PROMPT
Nothing but the pictures gets dropped; retype every entry exactly.

DATA TO PROCESS

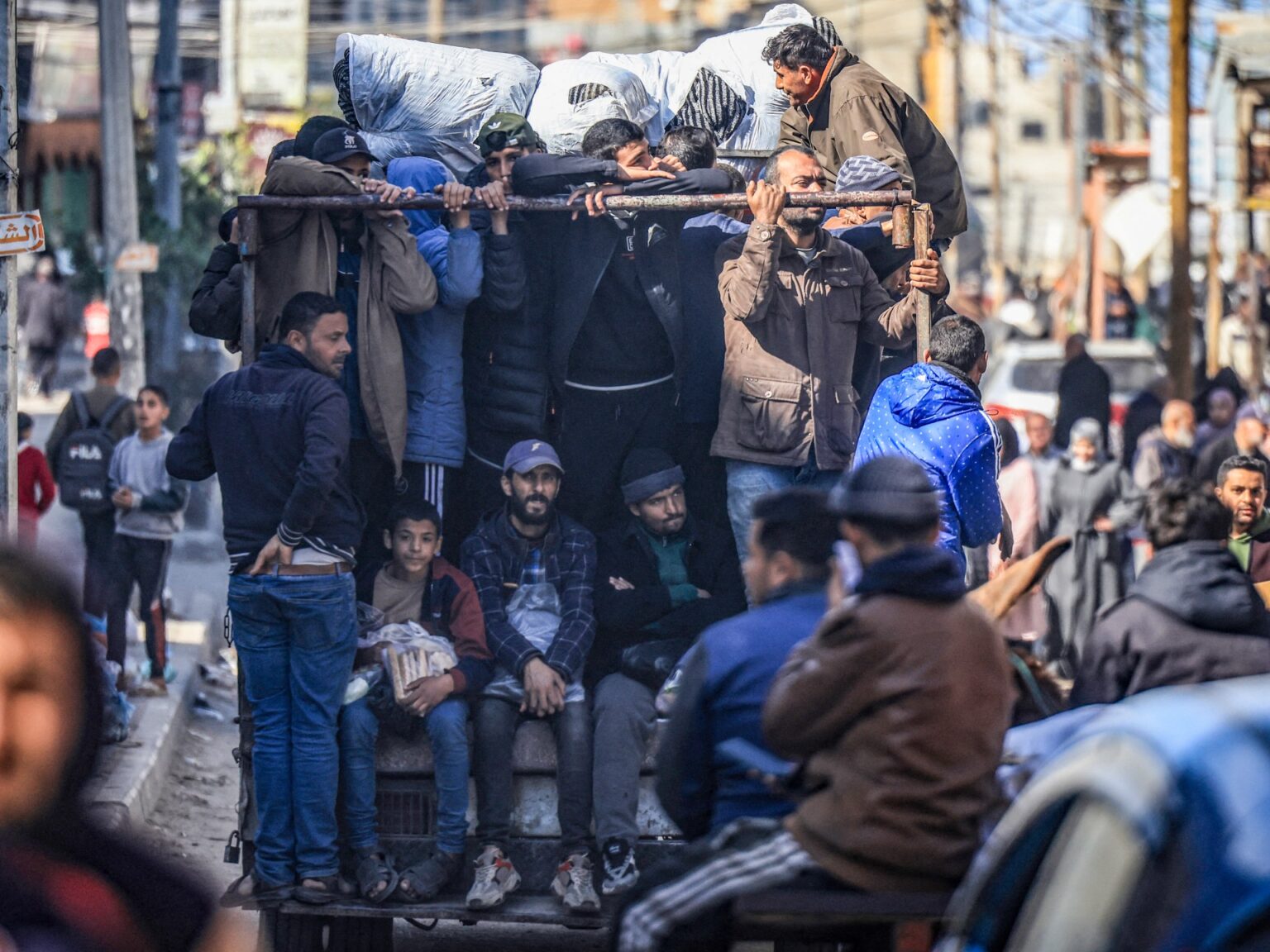 Israel plans floor assault on Rafah, ‘final refuge’ for Gaza’s displaced | Israel Struggle on Gaza Information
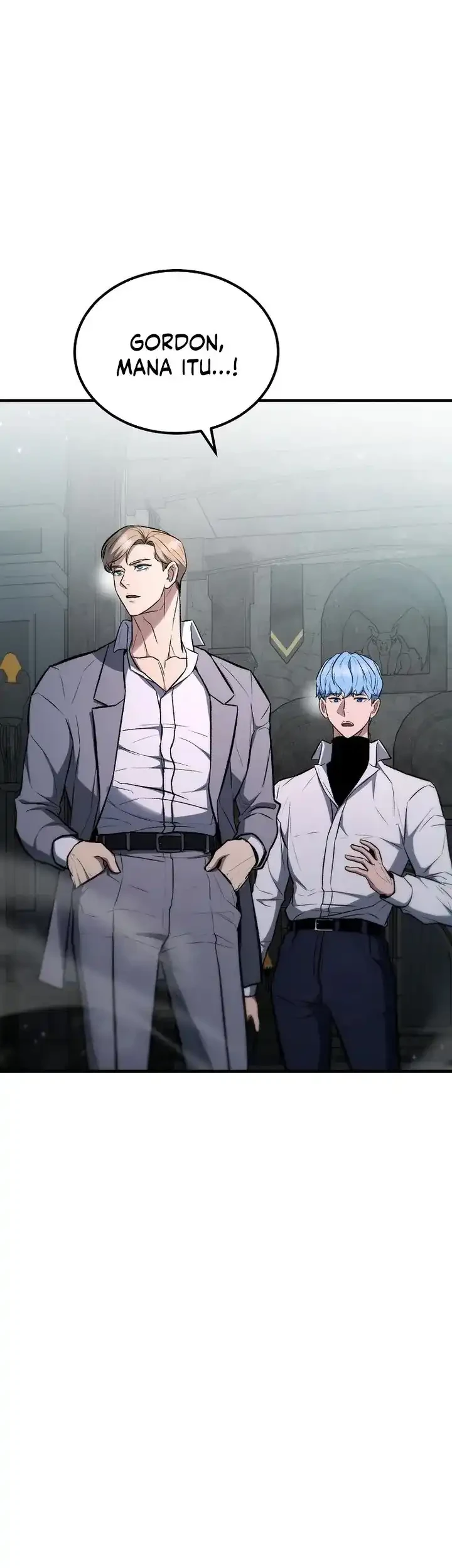 The Hero Returns Chapter 137 Gambar 26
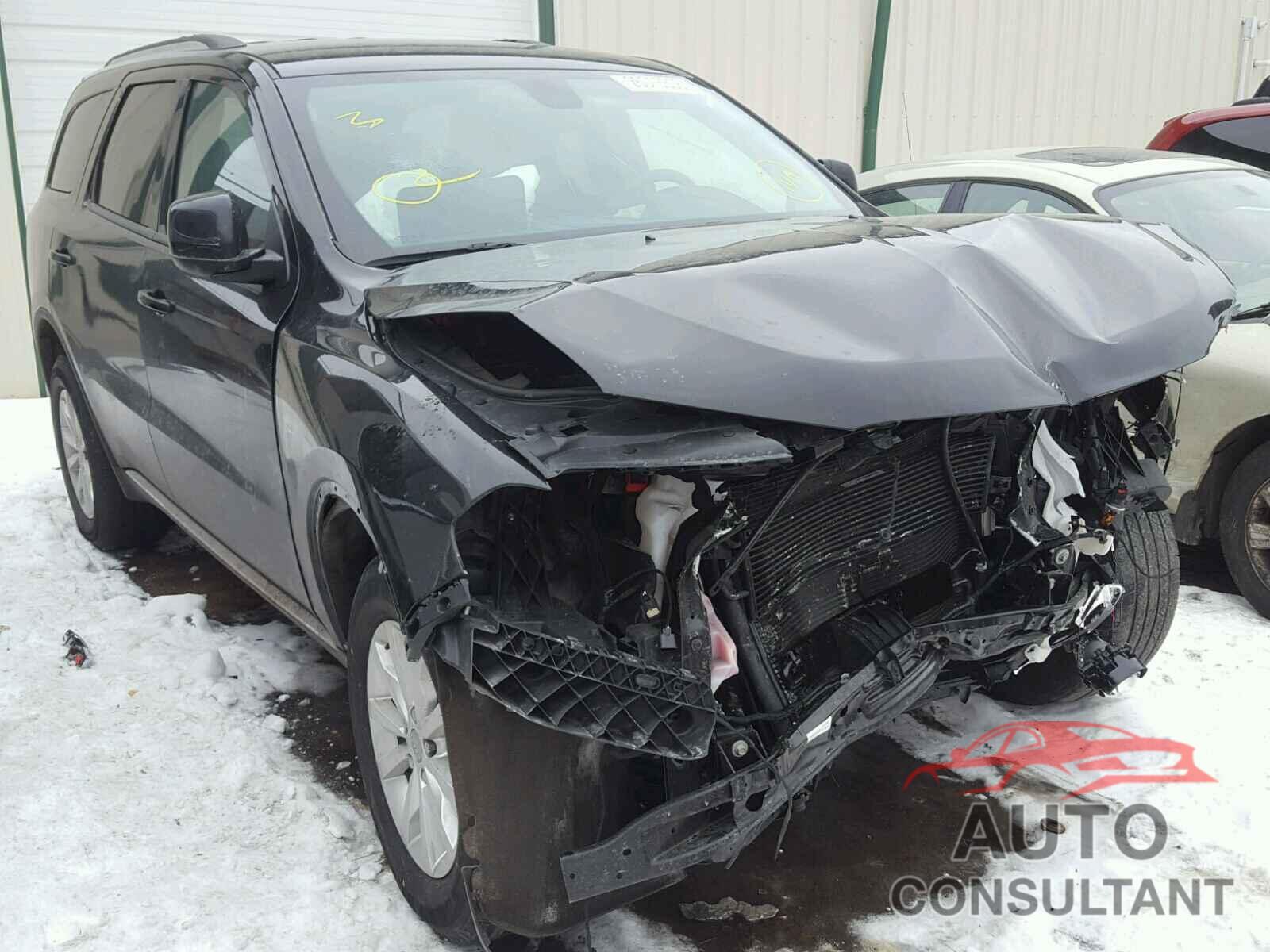 DODGE DURANGO 2015 - 1C4RDJAG1FC240839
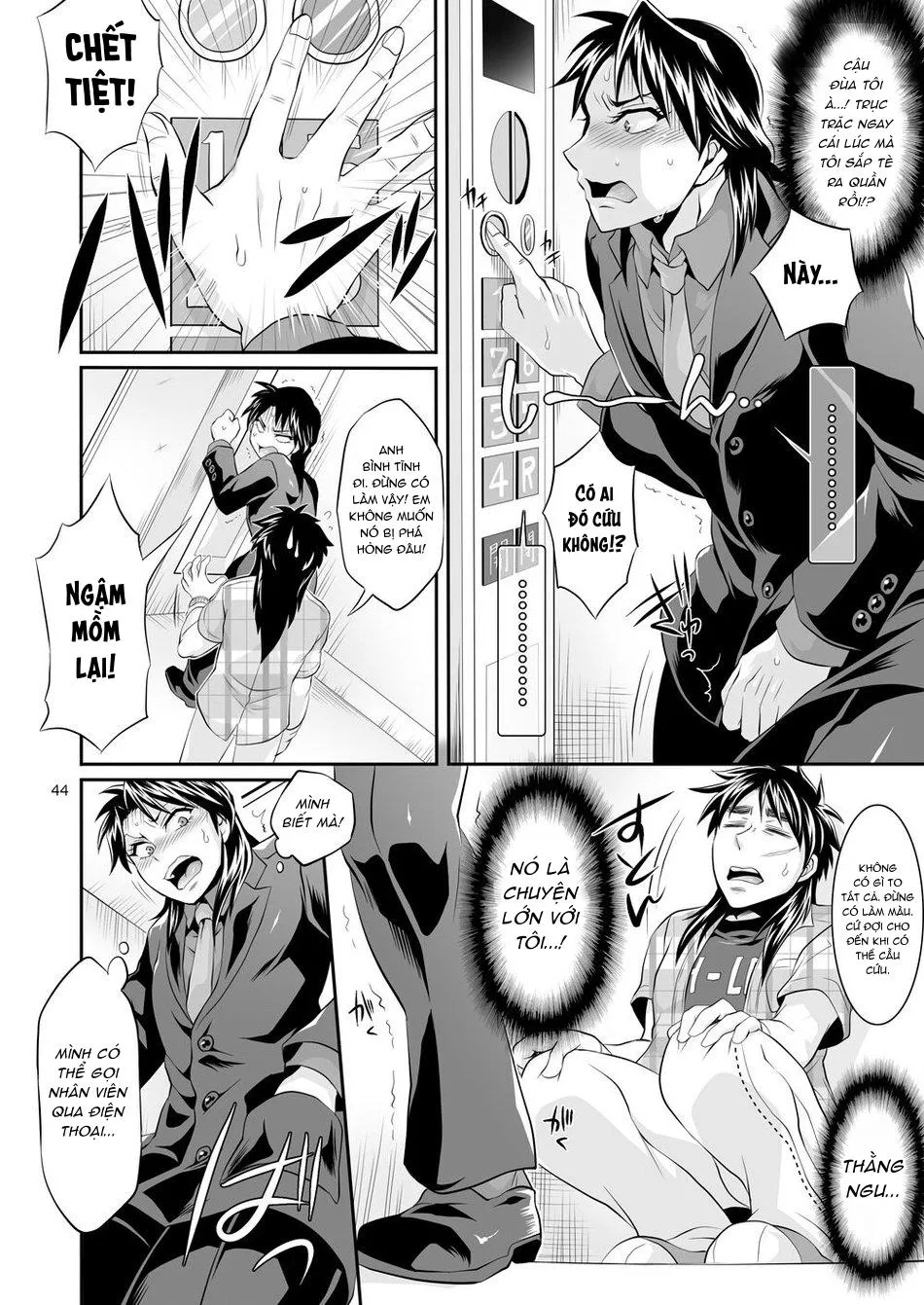 Tuyển Tập GangBang Chapter 120 Trang 13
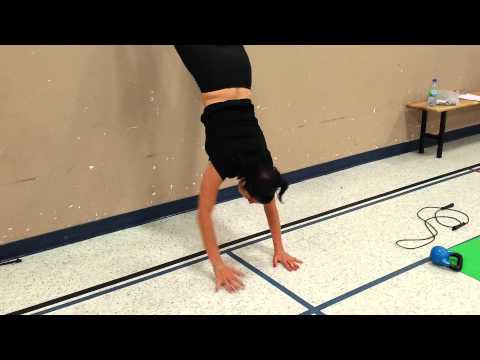 Wall Crawls @ bootcampmontreal.com
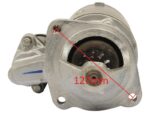 Electromotor Case IH - Sparex 68274k - imagine 2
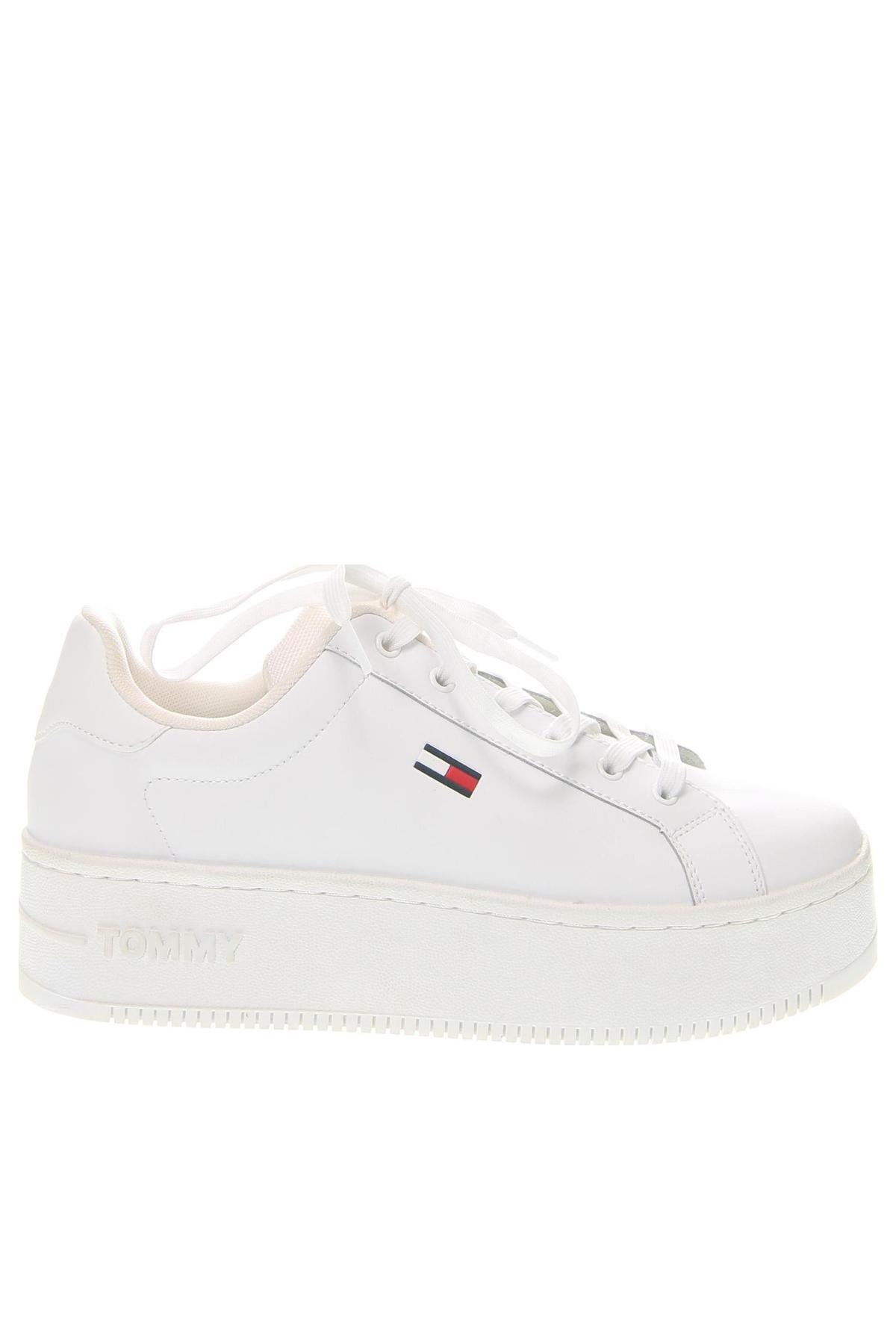 Dámske topánky  Tommy Hilfiger, Veľkosť 41, Farba Biela, Cena  59,95 €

EXPECTED ANSWER
 Israel plans floor assault on Rafah, ‘final refuge’ for Gaza’s displaced | Israel Struggle on Gaza Information
 The Hero Returns Chapter 137 Gambar 26
 DODGE DURANGO 2015 - 1C4RDJAG1FC240839
 Tuyển Tập GangBang Chapter 120 Trang 13
 Wall Crawls @ bootcampmontreal.com
 Electromotor Case IH - Sparex 68274k - imagine 2
 Dámske topánky  Tommy Hilfiger, Veľkosť 41, Farba Biela, Cena  59,95 €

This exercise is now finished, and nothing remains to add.